Quem acompanha os difíceis e duros embates dos povos indígenas, desde as aldeias até Brasília, não tem dúvidas de que “o atual movimento indígena brasileiro está cada dia mais forte. Tem lideranças jovens, aguerridas e persistentes...  Saberão responder à altura toda ignorância que insiste em se disseminar em declarações como essa vinda da boca de uma ministra de estado. Os índios não estão descendo para  áreas de produção.  Estão subindo as rampas dos palácios, entrando nas terras que lhes pertencem, exigindo seus direitos” (Elaine Tavares, janeiro 2015)

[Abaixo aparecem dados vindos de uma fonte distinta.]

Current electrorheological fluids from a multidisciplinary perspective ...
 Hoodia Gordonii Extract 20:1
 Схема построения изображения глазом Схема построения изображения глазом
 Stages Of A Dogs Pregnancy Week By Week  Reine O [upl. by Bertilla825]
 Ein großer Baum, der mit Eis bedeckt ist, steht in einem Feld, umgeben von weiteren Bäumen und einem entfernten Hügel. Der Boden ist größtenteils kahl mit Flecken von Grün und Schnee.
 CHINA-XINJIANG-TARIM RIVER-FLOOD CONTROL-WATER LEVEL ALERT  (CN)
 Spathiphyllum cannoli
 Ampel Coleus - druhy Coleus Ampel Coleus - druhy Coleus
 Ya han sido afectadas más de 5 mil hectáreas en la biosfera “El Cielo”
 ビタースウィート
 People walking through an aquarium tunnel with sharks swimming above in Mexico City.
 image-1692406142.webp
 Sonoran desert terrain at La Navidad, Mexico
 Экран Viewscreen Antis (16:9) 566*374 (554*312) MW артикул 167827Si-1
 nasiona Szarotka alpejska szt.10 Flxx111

Na manifesta solidariedade aos povos indígenas do Brasil, vale destacar as palavras de Boaventura de Souza Santos em carta às autoridades brasileiras: podemos estar perante um verdadeiro atentado contra a humanidade. Explico-me. Autoridades brasileiras estão diante de uma decisão que pode abalar definitivamente a garantia dos direitos dos povos indígenas no país...).A PEC 215/2000 é um golpe frontal e impiedoso às vidas dos povos indígenas...”
Os povos indígenas no Brasil certamente terão, juntamente com outros setores e os povos tradicionais, duros embates com os interesses manifestos do governo e do Congresso. Será um ano de permanentes rituais e mobilizações.